Dagegen ist die Palette der positiven Eindrücke breit gefächert: das Erlebnis, mit Profis zusammen zu arbeiten, einmal in einem Sinfonieorchester mitzuspielen, die Atmosphäre des Festival-Konzertes, das hohe Niveau des Pre-Advanced und Advanced-Orchesters im Abschlusskonzert, die vielen internationalen Kontakte, die bunte Mischung von Jung und Alt, Anfänger und Fortgeschrittenen, die perfekte Organisation und nicht zuletzt die gute Stimmung und der Zusammenhalt unserer eigenen Gruppe. Felicia fasst ihr positives Fazit in einem Wort zusammen: atemberaubend!

Wir tauchten also am 24.06. 2022 mit unseren schönen Erlebnissen und Erkenntnissen, Erfahrungen und Glücksgefühlen wieder in den Schulalltag ein und wünschen uns und allen unseren Musikern unbedingt mehr davon. Natürlich ist Unterricht das Zentrum schulischen Arbeitens, aber Projekte wie dieses beflügeln und befeuern unseren Geist und Tatkraft auch über die Zeit hinaus und wirken in der Erinnerung ein Leben lang positiv nach.  

DANK 

An dieser Stelle muss ich die großartige Arbeit unsere ehemaligen Schülerin und langjährigen Klarinettistin in unserem Schulorchester, Hannah Hildebrandt, hervorheben. Sie stand als zweite Aufsichtsperson den Schülern und mir unglaublich herzlich und gut gelaunt, praktisch mitdenkend, tatkräftig und hilfreich zur Seite. Ein dickes, fettes DANKESCHÖN an Hannah!! 

Außerdem danke ich auch meiner Schülergruppe, die sich vom Zauber der Stadt Göteborg und dem Festival begeistern ließ, die sich prima auf Englisch verständigen konnten, die alle aufeinander aufpassten und Rücksicht nahmen, die meine Anwesenheit in ihrem Schlafzimmer, der Turnhalle einer riesigen Schule, duldeten und mich in ihre Gemeinschaft aufnahmen. 

Solche Projekte sind aber auch teuer, vor allem die Reisekosten sind in den letzten Jahren explodiert. Wir möchten uns darum ganz herzlich bei unseren Förderern bedanken, die halfen, die Kosten für das Projekt in erträglichem Rahmen zu halten. 

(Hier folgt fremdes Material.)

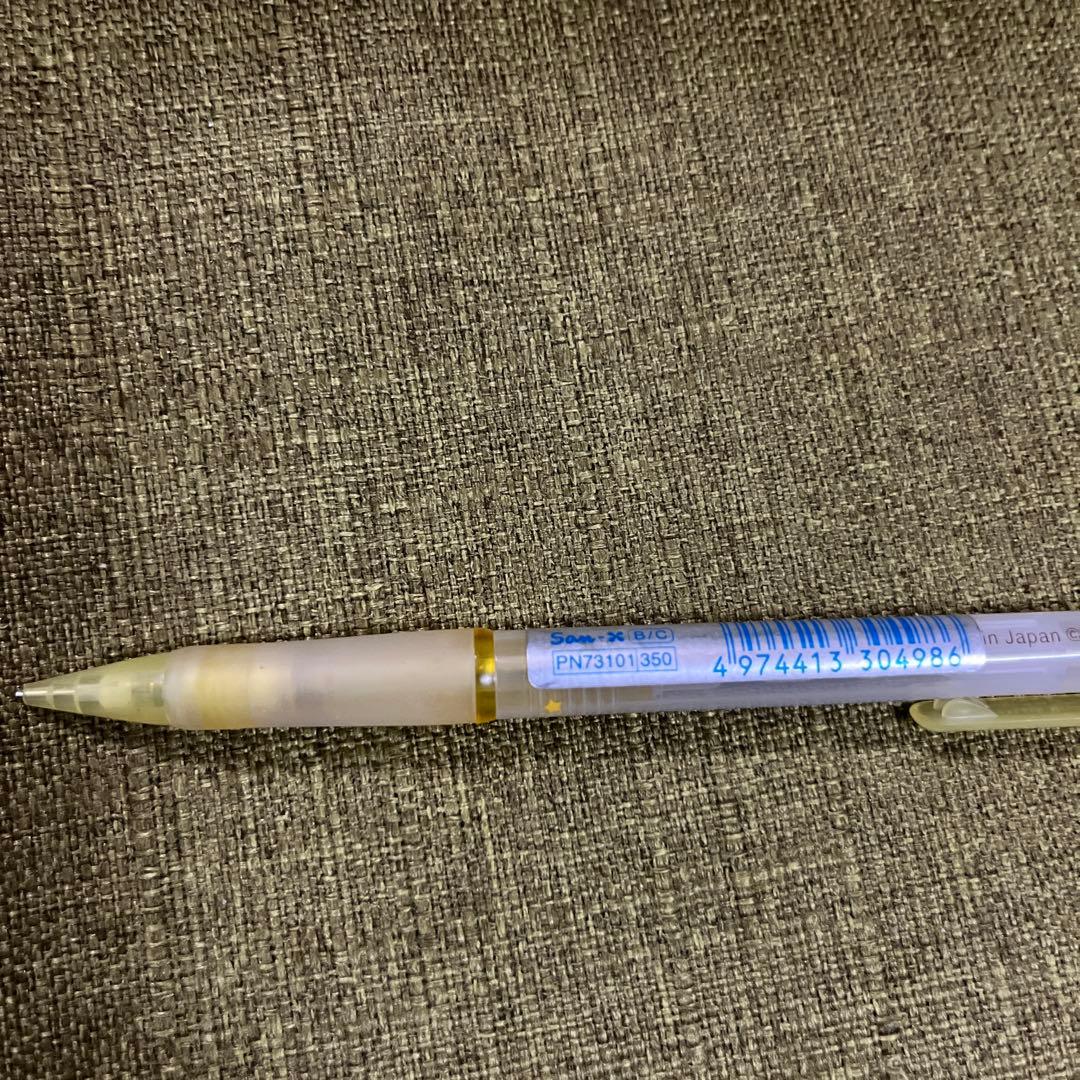 平成レトロ サンエックス ビアーチャン シャーペン レア - メルカリ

Ein herzliches Dankeschön geht also an den Lions Club Eschwege und den  Lions Club Eschwege – Werratal, an die Sparkassenstiftung, an die  Ehemaligenvereinigung der Friedrich-Wilhelm-Schule sowie an den Fördervereine des Oberstufengymnasiums und der Friedrich-Wilhelm-Schule für die finanzielle Unterstützung dieses Projekts, ohne die es nicht umsetzbar gewesen wäre. 

Wir gehen nun beschwingt unser Sommerkonzert und die Sommerferien an und sind gespannt, ob wir wieder einmal bei Side by Side mitmachen können, natürlich dann auf dem nächsthöheren Level.